BJ5183 感受态细胞(电转)/ BJ5183 Elect

BJ5183 Electro Competent Cell

EHC0016

 

Packing

BJ5183 Electroporation-Competent Cell  50μl/tube

pUC19 (control vector锛?0pg/μl)      10μl

Storage condition  -80鈩?for 6 month

 

Genotype

endA1 sbcBC recBC galK met thi-1 bioT hsdR (Str^R)

 

Transformation efficiency

pUC19 (control vector,10pg/ul) >10¹⁰ cfu/μg DNA

 

Transformation Protocol

 

1. Take the Electric shock cup and Cover from the storage liquid. Then inverted on clean absorbent paper for 5 minutes,until the cup and cover are dry. Inverted the Inverted cup and cover for 5 minutes, until the ethanol volatilized completed. Inserted the cup in the ice immediately, make the ice compaction. Let the the lip of a cup Higher than the ice surface 0.5cm, cover the cup then standing for 5 minutes fully cooling.

2. Take the BJ5183 competent from -80鈩?storage condition, then insert it in the ice for 5 minutes, until it is melted. Add the plasmid DNA (volume of not more than 6ul), mixed them by hand, then insert the tube in the ice, transfer the mixture to the cup by Pipette gun(200ul tips), cover the cup. Keep the tube ready to use.
a. The transformation efficiency was determined by using the control plasmid pUC19 of 1 ul at 10 pg/ul.

b. For the conjugated products, the DNA should be precipitated with ethanol and then suspended in TE buffer (10 mM Tris HCl, pH 7.5; 1 mM EDTA) with DNA concentration not exceeding 100 ng/ul and volume not exceeding 5 ul/50 ul.

3. Start Electroporation Systems, set as C=25 μF锛孭C=200 Ω锛孷=1.8 kV (Biorad recommendation, users could also follow the manual of your Electroporation Systems), will quickly turn into the electric shock cup slot, shock quickly inserted in the ice for 2 minutesquickly.

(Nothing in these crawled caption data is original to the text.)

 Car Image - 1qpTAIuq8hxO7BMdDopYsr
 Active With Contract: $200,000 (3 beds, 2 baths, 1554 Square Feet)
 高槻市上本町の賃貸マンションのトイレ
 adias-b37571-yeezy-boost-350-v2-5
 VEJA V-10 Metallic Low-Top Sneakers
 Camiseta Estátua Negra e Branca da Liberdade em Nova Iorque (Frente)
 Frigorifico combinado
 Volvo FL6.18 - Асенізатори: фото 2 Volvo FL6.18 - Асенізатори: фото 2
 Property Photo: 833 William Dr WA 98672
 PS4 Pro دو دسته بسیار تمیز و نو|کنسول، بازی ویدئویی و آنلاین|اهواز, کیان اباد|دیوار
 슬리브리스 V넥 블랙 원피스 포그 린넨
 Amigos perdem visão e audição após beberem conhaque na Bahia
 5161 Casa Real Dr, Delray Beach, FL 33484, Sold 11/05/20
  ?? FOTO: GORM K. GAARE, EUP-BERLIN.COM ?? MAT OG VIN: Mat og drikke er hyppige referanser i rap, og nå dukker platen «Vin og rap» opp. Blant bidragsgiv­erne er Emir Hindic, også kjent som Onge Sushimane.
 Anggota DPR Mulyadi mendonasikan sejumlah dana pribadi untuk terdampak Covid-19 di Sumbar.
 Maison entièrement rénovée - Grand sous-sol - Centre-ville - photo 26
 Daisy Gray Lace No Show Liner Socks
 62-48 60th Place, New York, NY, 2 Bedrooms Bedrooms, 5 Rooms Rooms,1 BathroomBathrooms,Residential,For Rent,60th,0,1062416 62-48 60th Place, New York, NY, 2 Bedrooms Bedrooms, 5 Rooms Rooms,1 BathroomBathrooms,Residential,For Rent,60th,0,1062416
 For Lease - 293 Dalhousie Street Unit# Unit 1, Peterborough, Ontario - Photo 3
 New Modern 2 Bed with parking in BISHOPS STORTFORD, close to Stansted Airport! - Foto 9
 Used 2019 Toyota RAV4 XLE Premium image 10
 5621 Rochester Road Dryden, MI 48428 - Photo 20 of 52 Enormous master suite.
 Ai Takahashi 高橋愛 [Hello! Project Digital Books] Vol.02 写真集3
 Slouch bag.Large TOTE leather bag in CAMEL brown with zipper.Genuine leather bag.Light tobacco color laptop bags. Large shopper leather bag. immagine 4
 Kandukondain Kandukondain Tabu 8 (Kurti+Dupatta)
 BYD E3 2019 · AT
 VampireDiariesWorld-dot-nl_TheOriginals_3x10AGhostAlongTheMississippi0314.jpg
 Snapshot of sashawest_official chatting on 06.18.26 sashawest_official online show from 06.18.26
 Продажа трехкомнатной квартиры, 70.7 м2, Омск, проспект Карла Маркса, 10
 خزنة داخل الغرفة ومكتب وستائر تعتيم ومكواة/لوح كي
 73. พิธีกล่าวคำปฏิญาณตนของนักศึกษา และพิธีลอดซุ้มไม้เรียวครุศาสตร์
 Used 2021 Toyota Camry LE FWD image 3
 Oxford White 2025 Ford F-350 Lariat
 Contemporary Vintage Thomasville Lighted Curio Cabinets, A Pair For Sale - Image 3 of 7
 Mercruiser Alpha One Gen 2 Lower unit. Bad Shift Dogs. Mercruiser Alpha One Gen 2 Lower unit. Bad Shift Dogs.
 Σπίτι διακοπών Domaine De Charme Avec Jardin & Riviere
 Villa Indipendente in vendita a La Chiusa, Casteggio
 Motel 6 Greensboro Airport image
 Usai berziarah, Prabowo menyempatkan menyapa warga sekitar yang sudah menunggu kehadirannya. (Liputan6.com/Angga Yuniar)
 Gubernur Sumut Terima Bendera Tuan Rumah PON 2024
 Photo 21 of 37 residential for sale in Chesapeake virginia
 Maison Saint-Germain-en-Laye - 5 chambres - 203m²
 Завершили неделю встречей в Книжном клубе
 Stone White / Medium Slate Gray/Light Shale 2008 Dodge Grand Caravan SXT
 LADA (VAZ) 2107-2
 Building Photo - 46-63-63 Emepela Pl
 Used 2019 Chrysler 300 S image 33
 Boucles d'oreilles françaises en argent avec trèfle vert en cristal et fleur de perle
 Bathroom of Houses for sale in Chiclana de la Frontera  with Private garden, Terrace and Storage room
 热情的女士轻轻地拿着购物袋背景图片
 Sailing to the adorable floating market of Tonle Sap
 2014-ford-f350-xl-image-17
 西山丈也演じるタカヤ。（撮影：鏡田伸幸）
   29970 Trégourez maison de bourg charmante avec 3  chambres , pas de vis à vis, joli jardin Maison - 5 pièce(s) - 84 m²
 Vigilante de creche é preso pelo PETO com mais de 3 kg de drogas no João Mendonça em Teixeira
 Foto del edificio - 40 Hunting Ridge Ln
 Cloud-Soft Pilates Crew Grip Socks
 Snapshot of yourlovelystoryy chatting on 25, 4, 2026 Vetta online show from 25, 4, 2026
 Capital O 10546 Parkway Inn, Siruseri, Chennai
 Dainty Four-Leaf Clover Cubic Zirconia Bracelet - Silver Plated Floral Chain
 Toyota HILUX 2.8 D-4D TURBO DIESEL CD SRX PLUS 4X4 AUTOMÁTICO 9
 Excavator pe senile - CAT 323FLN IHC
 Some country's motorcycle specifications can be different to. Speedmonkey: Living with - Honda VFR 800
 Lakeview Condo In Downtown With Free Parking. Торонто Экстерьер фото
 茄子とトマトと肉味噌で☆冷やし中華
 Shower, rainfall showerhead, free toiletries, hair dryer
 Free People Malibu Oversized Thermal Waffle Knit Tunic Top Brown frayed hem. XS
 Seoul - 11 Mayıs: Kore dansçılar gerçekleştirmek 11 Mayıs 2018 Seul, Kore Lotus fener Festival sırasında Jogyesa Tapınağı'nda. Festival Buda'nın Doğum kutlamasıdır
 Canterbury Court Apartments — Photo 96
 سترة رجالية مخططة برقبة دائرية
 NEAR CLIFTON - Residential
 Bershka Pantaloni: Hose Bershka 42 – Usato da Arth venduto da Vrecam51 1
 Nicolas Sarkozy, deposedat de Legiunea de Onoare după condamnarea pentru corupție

4. Adding 700ul without antibiotics S.O.C.(room temperature) and After several times of mixing at the bottom of the shock cup with 1 ml Pipette gun, then transfer it to a 50 ml centrifugal tube (BD Falcon 50 ml conical centrifugal tube, etc.). Add S.O.C. medium to the centrifugal tube to 10 ml. At 37 C, 225 rpm was resuscitated it at 37鈩?225 rpm for 60 minutes.

 

5. Centrifuge it at 5000 rpm for one minute to collect bacteria. After suspension, Take 100-200 ml and Spread it on the S.O.C by antibiotic. Incubate overnight at 37°C.

S.O.C Medium Component

2% Tryptone

0.5% Yeast Extract

10 mM NaCl

2.5 mM KCl

10 mM MgCl2

10 mM MgSO4

20 mM glucose

PH-7.0

S.O.C. Medium is suitable for use in the final step of cell transformation to obtain

maximal transformation efficiency of E. coli (Hanahan, 1983).

 

Caution:

1. The volume of DNA should not be larger than 1/10 of the volume of the competent state.

 

2. Bubbles should be avoided when electroshock-sensitive cells are added into the shock cup. Bubbles will increase the risk of arc discharge.

 

3. When DNA is impure or contaminated by salts, ethanol, proteins and buffers, the conversion efficiency decreases sharply.

 

4. The ions in the shock cup can increase the conductivity of the solution and increase the risk of electric current and arc discharge in the solution containing cells and DNA.

 

5. If large plasmids are transformed or high transformation efficiency is desired, high purity Plasmid Extraction Kit is recommended for plasmid extraction. When the plasmid doubled, the transformation efficiency decreased by an order of magnitude.

 

6. For the transformation of conjugates, it is better to suspend the conjugates with appropriate TE buffer (10 mM Tris HCl, pH 7.5; 1 mM EDTA) after precipitation of DNA by ethanol before transformation, so as to ensure that the concentration of DNA does not exceed 100 ng/ul. Excessive concentration of bonding products or excessive volume of bonding products will reduce the conversion efficiency and increase the risk of arc discharge.

 

7. When mixing plasmids, it should be operated gently. When absorbing competent cells, it should be avoided to exert too much force, so as to avoid excessive shear stress damaging cell membranes and reducing transformation efficiency. Conversion of high concentration plasmids or conjugates can correspondingly reduce the amount of bacteria eventually used for coating.

 

8. Electroshock-sensitive cells are best preserved below - 80°C. Over -80°C will lead to a decrease in transformation efficiency.